Gaussian color models
- logGaussian.m [20 pts]
This function will evaluate the log probability of seeing a collection of pixels under a given Gaussian model (eg, a mean RGB vector and 3x3 covariance matrix). This will be a helper function called by "classifyGaussian.m". You are not allowed to use the matlab function "mvnpdf.m".
- fitGaussian.m [20 pts]
This function will learn a Gaussian color model (eg, a mean RGB vector and a 3x3 covariance matrix) given a collection of vectorized pixels. You are not allowed to use the matlab function "cov.m".
- classifyGaussian.m [20 pts]
This function will classify an image using a foreground and background Gaussian color model, and prior models for foreground and background labels.
Histogram color models
- quantizeIm.m [20 pts]
This function will quantize an image, so that each pixel is labeled with the bin it falls into. If quantizing into 8 bins per color channel, each pixel will be labeled with a number between 1 and 512. This helper function will be called by the bottom two functions.
- fitHistogram.m [20 pts]
This function will learn a discrete probability model given a collection of pixels by counting the fraction of times a given discrete value is observed. By default, this will assign zero probability to a discrete value that is not observed. You can fix this by adding a small value to the count of every value.

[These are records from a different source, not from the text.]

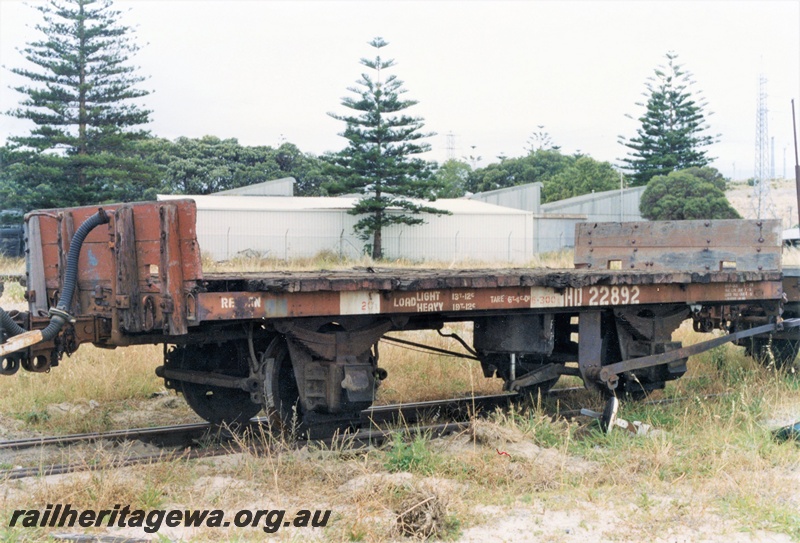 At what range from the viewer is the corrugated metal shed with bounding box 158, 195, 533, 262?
34.7 meters

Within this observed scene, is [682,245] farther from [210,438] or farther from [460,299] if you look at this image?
[210,438]

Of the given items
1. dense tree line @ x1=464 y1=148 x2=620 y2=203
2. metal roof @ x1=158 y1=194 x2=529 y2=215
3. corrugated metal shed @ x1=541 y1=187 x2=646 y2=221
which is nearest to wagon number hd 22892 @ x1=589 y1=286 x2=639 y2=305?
metal roof @ x1=158 y1=194 x2=529 y2=215

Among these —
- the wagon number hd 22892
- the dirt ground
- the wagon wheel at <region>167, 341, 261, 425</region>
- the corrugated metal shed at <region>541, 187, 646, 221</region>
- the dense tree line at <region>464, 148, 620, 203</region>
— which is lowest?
the dirt ground

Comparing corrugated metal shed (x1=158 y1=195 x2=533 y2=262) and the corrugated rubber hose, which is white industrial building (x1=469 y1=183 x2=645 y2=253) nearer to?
corrugated metal shed (x1=158 y1=195 x2=533 y2=262)

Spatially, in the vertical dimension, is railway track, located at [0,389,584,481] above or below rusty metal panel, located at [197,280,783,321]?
below

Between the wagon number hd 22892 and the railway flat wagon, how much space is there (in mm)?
14

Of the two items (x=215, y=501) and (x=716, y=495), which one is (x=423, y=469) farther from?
(x=716, y=495)

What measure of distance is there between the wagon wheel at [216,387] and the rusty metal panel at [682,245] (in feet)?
15.2

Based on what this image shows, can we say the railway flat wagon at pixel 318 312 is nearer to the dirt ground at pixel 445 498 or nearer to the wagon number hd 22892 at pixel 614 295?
the wagon number hd 22892 at pixel 614 295

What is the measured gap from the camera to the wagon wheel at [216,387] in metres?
7.31

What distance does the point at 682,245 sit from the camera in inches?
387

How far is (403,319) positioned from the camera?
6.98 m

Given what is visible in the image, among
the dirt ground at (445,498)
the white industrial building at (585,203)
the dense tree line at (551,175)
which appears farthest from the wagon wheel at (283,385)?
the dense tree line at (551,175)

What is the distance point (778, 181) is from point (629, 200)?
51.9 meters
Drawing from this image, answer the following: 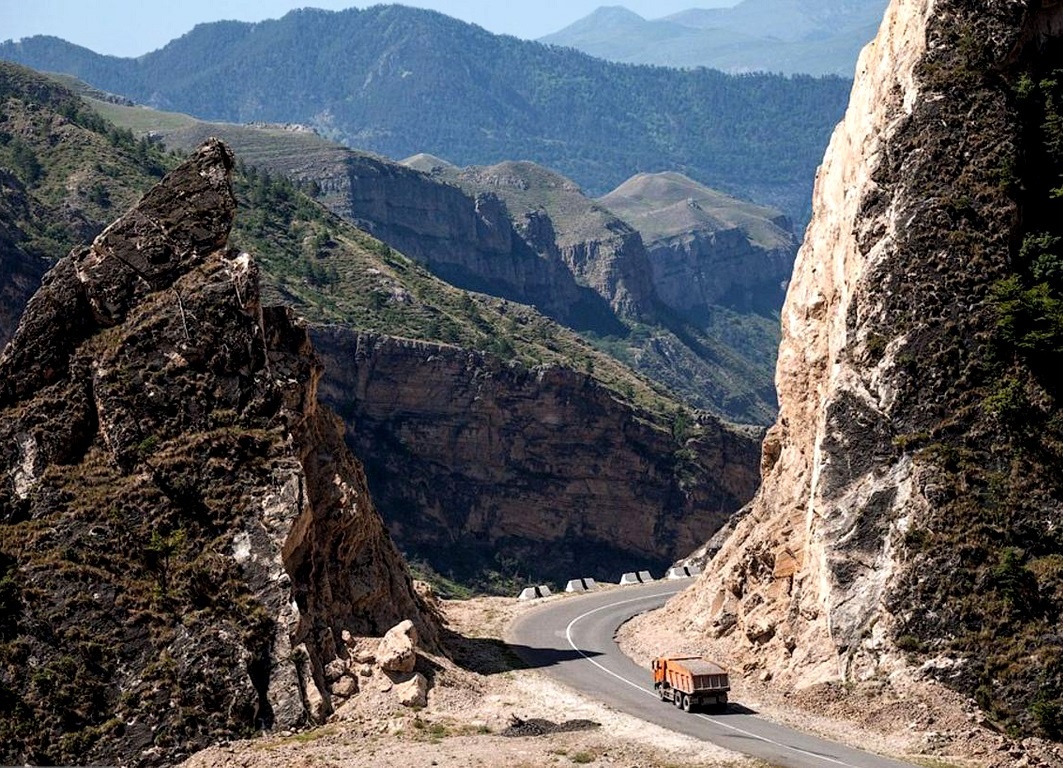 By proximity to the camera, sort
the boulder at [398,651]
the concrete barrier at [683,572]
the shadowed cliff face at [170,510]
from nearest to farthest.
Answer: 1. the shadowed cliff face at [170,510]
2. the boulder at [398,651]
3. the concrete barrier at [683,572]

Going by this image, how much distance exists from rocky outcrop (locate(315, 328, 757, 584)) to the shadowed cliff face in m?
98.5

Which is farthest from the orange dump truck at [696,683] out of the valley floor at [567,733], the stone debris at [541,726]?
the stone debris at [541,726]

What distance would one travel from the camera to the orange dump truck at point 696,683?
1711 inches

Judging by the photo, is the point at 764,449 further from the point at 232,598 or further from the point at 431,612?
the point at 232,598

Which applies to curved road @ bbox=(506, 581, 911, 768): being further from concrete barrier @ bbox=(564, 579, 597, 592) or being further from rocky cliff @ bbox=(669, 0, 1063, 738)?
rocky cliff @ bbox=(669, 0, 1063, 738)

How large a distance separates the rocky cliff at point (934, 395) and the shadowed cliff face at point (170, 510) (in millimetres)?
11782

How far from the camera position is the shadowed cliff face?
39938mm

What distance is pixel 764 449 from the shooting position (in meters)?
58.4

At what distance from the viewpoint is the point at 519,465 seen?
6083 inches

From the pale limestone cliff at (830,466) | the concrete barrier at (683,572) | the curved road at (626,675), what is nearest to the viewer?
the curved road at (626,675)

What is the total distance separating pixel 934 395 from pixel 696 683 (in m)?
10.1

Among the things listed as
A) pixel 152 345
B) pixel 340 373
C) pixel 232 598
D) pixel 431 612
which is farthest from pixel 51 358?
pixel 340 373

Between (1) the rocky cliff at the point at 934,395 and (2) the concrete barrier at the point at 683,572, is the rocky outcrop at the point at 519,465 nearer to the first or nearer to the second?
(2) the concrete barrier at the point at 683,572

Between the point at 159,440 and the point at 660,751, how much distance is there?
15701mm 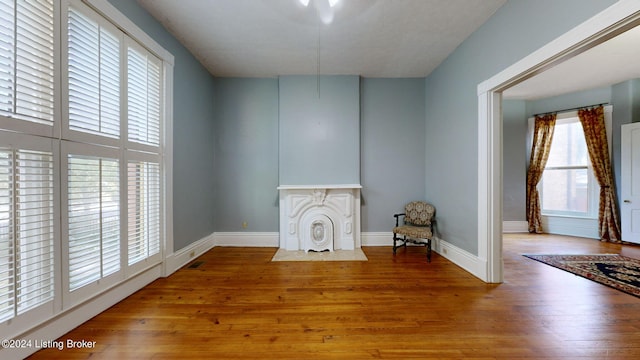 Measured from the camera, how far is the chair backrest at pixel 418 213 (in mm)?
3811

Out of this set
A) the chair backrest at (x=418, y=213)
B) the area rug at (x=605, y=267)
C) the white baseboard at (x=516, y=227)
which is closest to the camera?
the area rug at (x=605, y=267)

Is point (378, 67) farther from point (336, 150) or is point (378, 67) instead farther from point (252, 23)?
point (252, 23)

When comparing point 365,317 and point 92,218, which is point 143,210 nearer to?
point 92,218

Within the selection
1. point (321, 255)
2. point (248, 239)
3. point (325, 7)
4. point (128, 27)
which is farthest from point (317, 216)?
point (128, 27)

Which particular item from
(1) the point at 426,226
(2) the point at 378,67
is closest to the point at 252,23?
(2) the point at 378,67

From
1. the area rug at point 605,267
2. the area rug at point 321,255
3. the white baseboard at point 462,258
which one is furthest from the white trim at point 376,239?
the area rug at point 605,267

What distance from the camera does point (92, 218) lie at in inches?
77.7

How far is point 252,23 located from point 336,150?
2137mm

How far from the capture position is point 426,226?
386 cm

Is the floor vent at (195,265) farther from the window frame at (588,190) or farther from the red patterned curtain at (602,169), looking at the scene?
the red patterned curtain at (602,169)

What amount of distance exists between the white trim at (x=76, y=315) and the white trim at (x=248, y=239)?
1573mm

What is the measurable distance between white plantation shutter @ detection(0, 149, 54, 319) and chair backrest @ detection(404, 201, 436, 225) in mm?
4058

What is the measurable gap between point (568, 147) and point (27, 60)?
802 cm


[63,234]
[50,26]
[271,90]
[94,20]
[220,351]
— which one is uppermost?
[271,90] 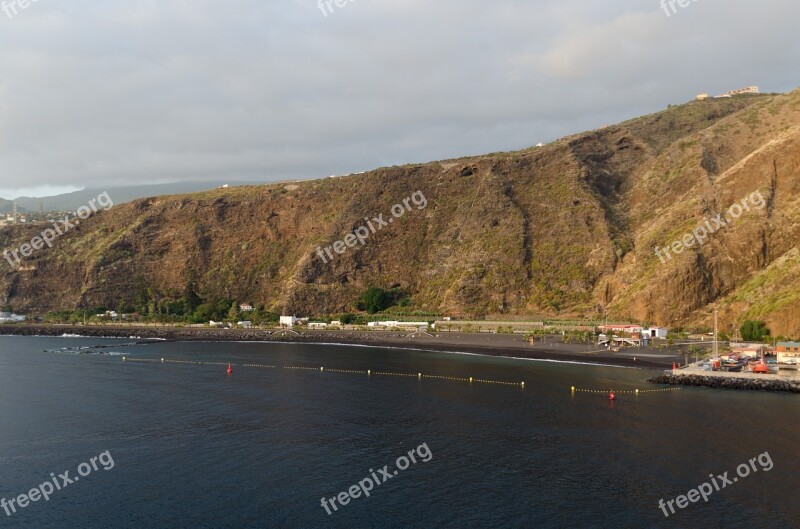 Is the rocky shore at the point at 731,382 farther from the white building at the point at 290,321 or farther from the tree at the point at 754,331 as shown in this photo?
the white building at the point at 290,321

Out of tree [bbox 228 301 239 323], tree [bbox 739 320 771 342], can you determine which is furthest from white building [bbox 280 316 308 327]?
tree [bbox 739 320 771 342]

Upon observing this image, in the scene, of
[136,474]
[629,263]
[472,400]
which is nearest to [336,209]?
[629,263]

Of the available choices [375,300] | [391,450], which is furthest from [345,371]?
[375,300]

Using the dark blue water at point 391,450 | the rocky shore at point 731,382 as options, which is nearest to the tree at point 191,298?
the dark blue water at point 391,450

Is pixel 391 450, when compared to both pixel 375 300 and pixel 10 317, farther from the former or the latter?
pixel 10 317

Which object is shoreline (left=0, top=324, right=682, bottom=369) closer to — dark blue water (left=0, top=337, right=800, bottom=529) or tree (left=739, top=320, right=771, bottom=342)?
dark blue water (left=0, top=337, right=800, bottom=529) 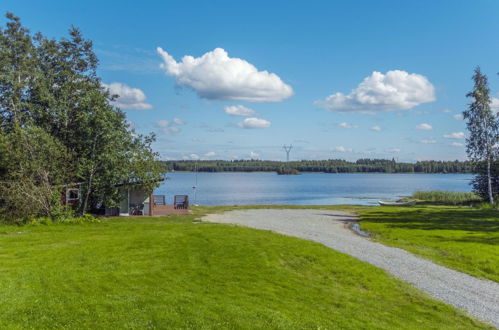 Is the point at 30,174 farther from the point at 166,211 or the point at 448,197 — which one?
the point at 448,197

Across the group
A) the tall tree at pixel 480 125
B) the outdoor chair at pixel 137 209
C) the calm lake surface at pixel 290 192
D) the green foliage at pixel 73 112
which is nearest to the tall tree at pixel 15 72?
the green foliage at pixel 73 112

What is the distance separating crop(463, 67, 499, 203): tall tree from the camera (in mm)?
44469

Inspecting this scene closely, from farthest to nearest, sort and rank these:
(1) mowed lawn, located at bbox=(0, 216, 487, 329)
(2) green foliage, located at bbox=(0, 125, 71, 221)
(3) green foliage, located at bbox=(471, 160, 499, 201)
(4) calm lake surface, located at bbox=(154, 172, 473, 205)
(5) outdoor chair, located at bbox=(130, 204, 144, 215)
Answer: (4) calm lake surface, located at bbox=(154, 172, 473, 205) < (3) green foliage, located at bbox=(471, 160, 499, 201) < (5) outdoor chair, located at bbox=(130, 204, 144, 215) < (2) green foliage, located at bbox=(0, 125, 71, 221) < (1) mowed lawn, located at bbox=(0, 216, 487, 329)

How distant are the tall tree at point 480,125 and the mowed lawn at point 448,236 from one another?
13.5 m

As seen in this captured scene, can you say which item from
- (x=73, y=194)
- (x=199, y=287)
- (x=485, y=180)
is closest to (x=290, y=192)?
(x=485, y=180)

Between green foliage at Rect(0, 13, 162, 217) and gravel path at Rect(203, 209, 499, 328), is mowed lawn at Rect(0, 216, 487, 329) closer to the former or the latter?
gravel path at Rect(203, 209, 499, 328)

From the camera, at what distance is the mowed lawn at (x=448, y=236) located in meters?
16.8

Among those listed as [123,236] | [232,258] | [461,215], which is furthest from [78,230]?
[461,215]

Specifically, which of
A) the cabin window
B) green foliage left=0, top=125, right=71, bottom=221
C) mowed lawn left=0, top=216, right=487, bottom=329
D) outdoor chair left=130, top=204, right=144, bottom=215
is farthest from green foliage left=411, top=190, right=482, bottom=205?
green foliage left=0, top=125, right=71, bottom=221

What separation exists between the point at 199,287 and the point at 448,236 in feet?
54.8

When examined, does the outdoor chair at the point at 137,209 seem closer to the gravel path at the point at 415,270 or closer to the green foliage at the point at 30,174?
the green foliage at the point at 30,174

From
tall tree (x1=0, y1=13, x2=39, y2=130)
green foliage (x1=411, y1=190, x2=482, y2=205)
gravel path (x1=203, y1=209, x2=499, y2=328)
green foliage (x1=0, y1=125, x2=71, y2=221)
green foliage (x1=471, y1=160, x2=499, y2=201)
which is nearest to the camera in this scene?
gravel path (x1=203, y1=209, x2=499, y2=328)

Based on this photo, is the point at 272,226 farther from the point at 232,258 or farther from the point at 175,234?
the point at 232,258

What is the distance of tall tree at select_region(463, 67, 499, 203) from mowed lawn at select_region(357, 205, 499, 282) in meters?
13.5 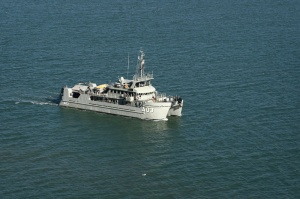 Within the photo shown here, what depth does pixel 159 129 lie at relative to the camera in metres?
148

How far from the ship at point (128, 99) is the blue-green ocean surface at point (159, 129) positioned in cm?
177

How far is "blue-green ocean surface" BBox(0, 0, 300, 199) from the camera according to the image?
121625 millimetres

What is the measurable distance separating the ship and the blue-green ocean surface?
5.81ft

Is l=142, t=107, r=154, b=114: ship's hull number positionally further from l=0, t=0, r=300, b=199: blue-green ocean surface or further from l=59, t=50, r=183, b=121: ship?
l=0, t=0, r=300, b=199: blue-green ocean surface

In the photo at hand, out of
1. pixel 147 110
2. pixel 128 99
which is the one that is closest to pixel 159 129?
pixel 147 110

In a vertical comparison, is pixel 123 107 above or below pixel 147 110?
above

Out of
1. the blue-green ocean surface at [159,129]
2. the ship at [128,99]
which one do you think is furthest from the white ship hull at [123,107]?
the blue-green ocean surface at [159,129]

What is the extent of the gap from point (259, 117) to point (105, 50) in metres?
57.0

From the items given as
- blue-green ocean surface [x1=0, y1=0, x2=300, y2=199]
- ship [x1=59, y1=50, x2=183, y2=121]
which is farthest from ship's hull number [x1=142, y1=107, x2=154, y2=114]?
blue-green ocean surface [x1=0, y1=0, x2=300, y2=199]

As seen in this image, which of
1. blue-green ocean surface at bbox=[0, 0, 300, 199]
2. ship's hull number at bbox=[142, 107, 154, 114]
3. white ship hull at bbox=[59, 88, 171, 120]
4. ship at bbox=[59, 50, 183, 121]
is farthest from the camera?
ship at bbox=[59, 50, 183, 121]

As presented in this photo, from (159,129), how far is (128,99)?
1019 centimetres

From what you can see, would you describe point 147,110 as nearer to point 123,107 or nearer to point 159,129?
point 123,107

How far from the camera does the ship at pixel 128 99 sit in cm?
15200

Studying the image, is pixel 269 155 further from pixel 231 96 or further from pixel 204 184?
pixel 231 96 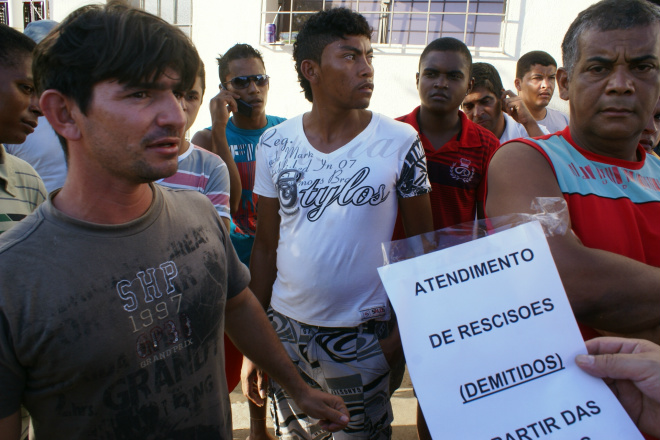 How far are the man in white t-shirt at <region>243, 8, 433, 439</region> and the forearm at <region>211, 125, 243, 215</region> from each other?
0.91 metres

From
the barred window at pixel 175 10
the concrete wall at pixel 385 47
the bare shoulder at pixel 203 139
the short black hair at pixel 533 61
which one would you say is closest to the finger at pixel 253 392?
the bare shoulder at pixel 203 139

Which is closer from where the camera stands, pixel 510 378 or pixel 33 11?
pixel 510 378

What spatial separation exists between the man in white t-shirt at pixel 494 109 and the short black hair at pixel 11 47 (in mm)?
3043

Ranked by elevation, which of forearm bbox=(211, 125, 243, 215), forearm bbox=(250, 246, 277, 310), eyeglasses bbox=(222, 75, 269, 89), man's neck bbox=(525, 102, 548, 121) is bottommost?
forearm bbox=(250, 246, 277, 310)

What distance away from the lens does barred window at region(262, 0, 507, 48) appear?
9.08 m

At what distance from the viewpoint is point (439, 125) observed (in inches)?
121

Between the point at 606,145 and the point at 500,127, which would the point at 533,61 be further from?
the point at 606,145

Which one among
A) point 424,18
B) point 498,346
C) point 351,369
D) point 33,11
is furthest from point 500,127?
point 33,11

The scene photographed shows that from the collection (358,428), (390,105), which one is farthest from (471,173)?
(390,105)

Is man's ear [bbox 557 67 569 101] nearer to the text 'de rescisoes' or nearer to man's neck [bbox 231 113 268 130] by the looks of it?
the text 'de rescisoes'

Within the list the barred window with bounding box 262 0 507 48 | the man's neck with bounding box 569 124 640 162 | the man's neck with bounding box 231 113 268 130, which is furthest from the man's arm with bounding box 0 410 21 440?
the barred window with bounding box 262 0 507 48

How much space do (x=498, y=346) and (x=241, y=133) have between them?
3.09 m

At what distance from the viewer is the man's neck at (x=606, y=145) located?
5.06 ft

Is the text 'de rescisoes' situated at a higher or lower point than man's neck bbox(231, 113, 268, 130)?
lower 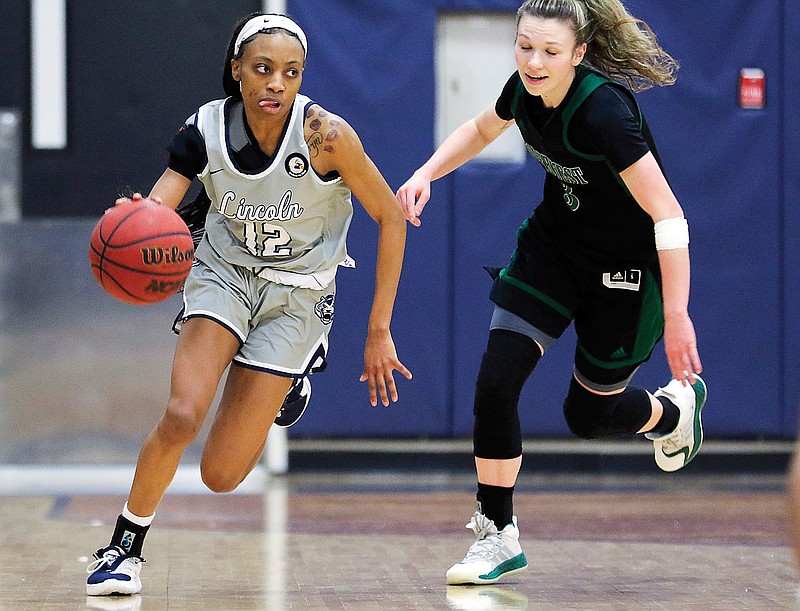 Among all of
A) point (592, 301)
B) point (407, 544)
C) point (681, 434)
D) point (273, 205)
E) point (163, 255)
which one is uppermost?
point (273, 205)

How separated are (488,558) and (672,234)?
3.93 feet

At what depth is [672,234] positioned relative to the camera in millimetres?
3746

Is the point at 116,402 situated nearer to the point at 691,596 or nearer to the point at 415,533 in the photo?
the point at 415,533

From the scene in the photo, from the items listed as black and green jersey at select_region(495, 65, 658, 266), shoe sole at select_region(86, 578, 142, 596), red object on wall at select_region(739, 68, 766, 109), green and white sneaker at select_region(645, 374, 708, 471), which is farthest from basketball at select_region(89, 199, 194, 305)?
red object on wall at select_region(739, 68, 766, 109)

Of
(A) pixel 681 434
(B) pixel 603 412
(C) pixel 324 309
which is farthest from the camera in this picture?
(A) pixel 681 434

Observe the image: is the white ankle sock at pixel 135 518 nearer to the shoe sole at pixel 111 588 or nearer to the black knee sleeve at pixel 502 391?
the shoe sole at pixel 111 588

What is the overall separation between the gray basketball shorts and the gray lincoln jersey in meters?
0.04

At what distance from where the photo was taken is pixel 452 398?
23.5 feet

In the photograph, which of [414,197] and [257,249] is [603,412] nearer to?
[414,197]

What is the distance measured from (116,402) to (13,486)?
729 millimetres

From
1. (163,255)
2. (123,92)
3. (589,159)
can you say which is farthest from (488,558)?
(123,92)

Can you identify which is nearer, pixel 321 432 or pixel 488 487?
pixel 488 487

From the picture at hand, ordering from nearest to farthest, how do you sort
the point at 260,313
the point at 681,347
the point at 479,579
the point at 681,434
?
1. the point at 681,347
2. the point at 479,579
3. the point at 260,313
4. the point at 681,434

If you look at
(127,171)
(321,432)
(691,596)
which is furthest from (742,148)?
(691,596) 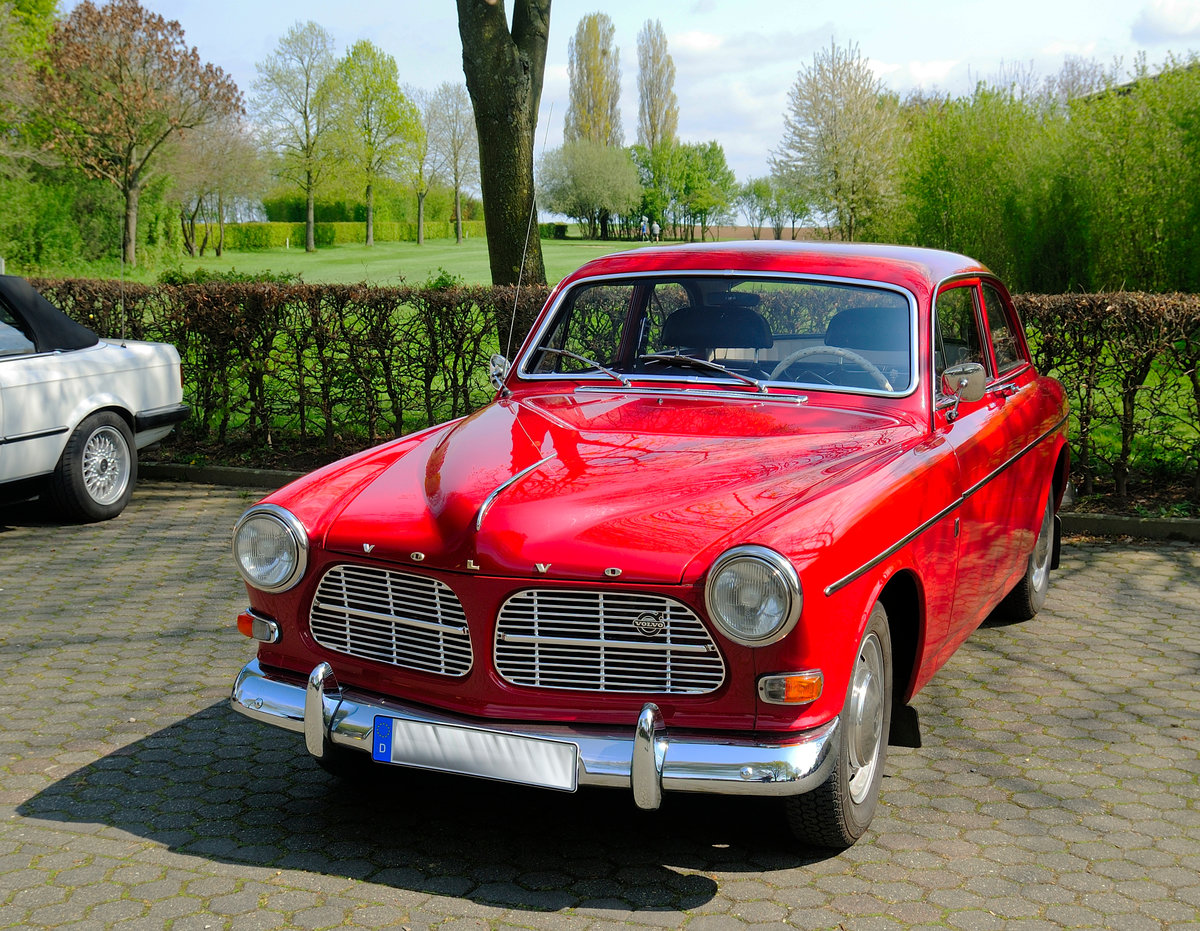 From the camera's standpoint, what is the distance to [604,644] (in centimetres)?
330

- classifyHistogram.m [20 pts]
This function will classify an image using a foreground and background histogram color model, and prior models for foreground and background labels.
What to hand in: Hand in all the completed functions above, complete with comments. Also hand in a pdf with the following figures. To create the figures, select three frames from the video. Your pdf should include figures of these images and their associated pixel classification results.
- Learn color models for the hair, torso, and leg of the person in the video from the first frame. Show results for hair, torso, and leg detection on three remaining images from the video. You will need to use "roipoly.m" to generate label masks for the body parts, as shown in the skeleton code. Show results using a Gaussian color model, a 8-bins-per-channel color histogram model, and a 16-bins-per-channel color histogram model. [10 pts]
- Modify "fitGaussian.m" to "fitGaussianReg.m", so that it regularizes the learned Gaussian models by adding a constant value to the diagonal of the covariance matrices. Pass this constant value as a parameter to this function. Similarly, create a "fitHistogramReg.m" that regularize the color histogram models by adding a constant "pseudocount" to each bin before normalization. Again, pass this constant value as a parameter. Find an optimal setting of these two parameters, and show the 3 images from above (for the Gaussian and two color histogram models). [20 pts]
- Use the first two images for training. Again, use "roipoly.m" to generate the additional labels. Show the above images again, and explain why the results look better. [10 pts]
- [Extra-credit] The binary classification masks will look noisy, with lots of "speckles". Use Matlab's morphology functions ("imopen.m" and "imclose.m") to clean up the classifications by exploiting the fact that nearby pixels should have similar labels. [10 pts]
Hints
- "bsxfun.m" is a MATLAB function for applying operations to each column or row of a matrix. This may prove useful when writing "logGaussian.m".
- "reshape.m" is a MATLAB function for reshaping arrays. This may prove useful when writing "vectorize.m".
- "inv.m" is a MATLAB function for inverting square matrices. This may prove useful when writing "logGaussian.m".
- In "fitHistogram.m", you will need to compute a histogram over pixels. While this can be done with a for loop, MATLAB gurus can try to use the "sparse.m" MATLAB function to do this without a for loop (see the help file).
- All the functions can be implemented with a few lines of MATLAB code. If you are writing lots of code, there is probably a simpler solution (though you will not be penalized for long code).